Justiça decide que mais 2 acusados pelas mortes na boate Kiss irão a júri popular

Ambos eram sócios da casa noturna atingida por uma tragédia que matou 242 pessoas

Agência Estado

Os desembargadores da 1ª Câmara Criminal do Tribunal de Justiça do Rio Grande do Sul (TJ-RS) decidiram que Mauro Londero Hoffmann e Marcelo de Jesus dos Santos, dois dos quatro denunciados pela morte de 242 pessoas no incêndio da boate Kiss, irão a júri popular em Porto Alegre em data ainda não definida. Mauro e Marcelo serão julgados com Elissandro Callegaro Spohr, outro acusado pela tragédia que completou sete anos no último dia 27, que já havia conseguido a transferência do julgamento para a capital do Rio Grande do Sul.

Dessa maneira, o primeiro júri referente ao caso, que está marcado para o dia 16 de março, irá analisar apenas as acusações contra Luciano Bonilha Leão, o único réu que não pediu a transferência de local e será julgado em Santa Maria, palco da tragédia.

Mauro e Elissandro, sócios da casa noturna, e Marcelo e Luciano, integrantes da banda que apresentou show pirotécnico na noite do incêndio, foram denunciados por homicídio duplamente qualificado (motivo torpe e emprego de meio cruel) por 242 vezes, e tentativa do mesmo crime por mais 636 vezes (número de sobreviventes identificados).

A decisão foi dada na última quarta-feira, 12, quando foi analisado o pedido de desaforamento - transferência do processo de um local para outro - feito por Mauro e por Marcelo.
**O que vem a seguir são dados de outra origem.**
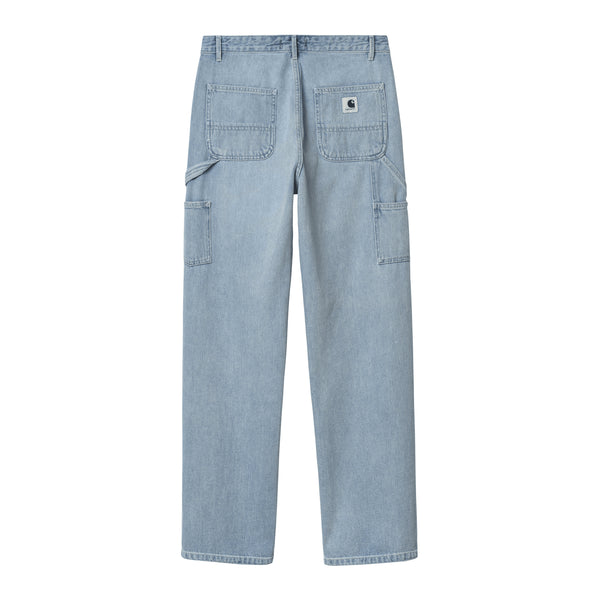 Carhartt WIP W' Pierce Pant Blue Light Stone Washed - Streetart.fr
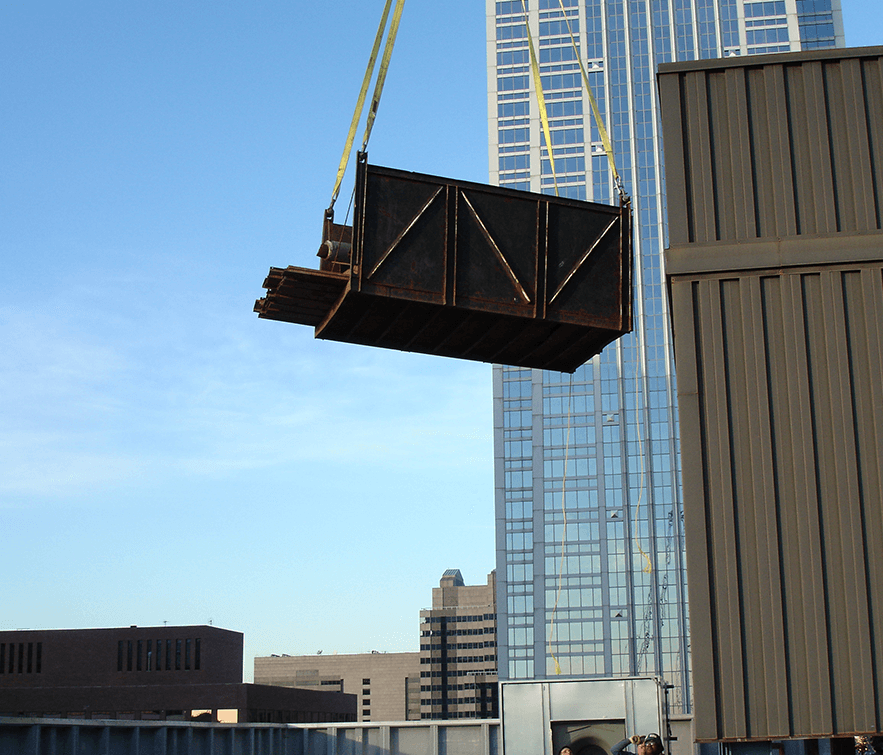 Utilizing safety and planning to move building materials for a skyscraper, Philadelphia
Eles alegaram que havia "interesse da ordem pública" em transferir o julgamento para Porto Alegre e que havia dúvida sobre a parcialidade dos jurados.

Além disso, as defesas argumentaram que "o ambiente mais distante e controlado da justiça de Porto Alegre distensionaria a sessão" e ainda lembraram que, em dezembro, a 1ª Câmara Criminal deferiu para Elissandro.

O relator dos pedidos, desembargador Manuel José Martinez Lucas, negou os pleitos, mas foi vencido por dois votos a um. O magistrado considera que o desaforamento é medida concedida só em situações excepcionais, uma vez "que os autores dos crimes dolosos contra a vida devem ser julgados pelos membros da comunidade onde os fatos foram cometidos".

Martinez Lucas indicou ainda que não há como afirmar que a segurança dos réus seria maior em Porto Alegre, pois "todos os interessados, especialmente os familiares das vítimas falecidas e talvez alguns sobreviventes para cá se deslocariam".

O desembargador Jayme Weingartner Neto abriu divergência, indicando que em Porto Alegre "há maiores chances de um julgamento imparcial, justo por que mais distante". A indicação foi acompanhada pelo desembargador Honório Gonçalves da Silva Neto.

"A desterritorialização do local da tragédia, com a convocação da mais distante (geográfica e simbolicamente) justiça da capital do Estado, torna muito razoável a conjectura de que a autocontenção dos mais diretamente atingidos será favorecida pelo ambiente mais neutro, menos carregado de lembranças, associações, idiossincrasias", escreveu Weingartner Neto.

O magistrado afirmou que, 70,7% dos 600 entrevistados em pesquisa de opinião realizada em Santa Maria, pelo Instituto Methodus, "perderam pessoas queridas no incêndio". Dos ouvidos na pesquisa, 9% perderam parentes, 61,7% perderam amigos. "O problema, aqui, repito, do trauma coletivo, difuso e disseminado, dificulta que funcione efetivamente o filtro, e esmaece a eficácia do contraditório, para formar-se o Conselho de Sentença (artigos 471 e 472). Em resumo, o teste empírico sobre a higidez do Conselho de Sentença é fragilizado", apontou o desembargador.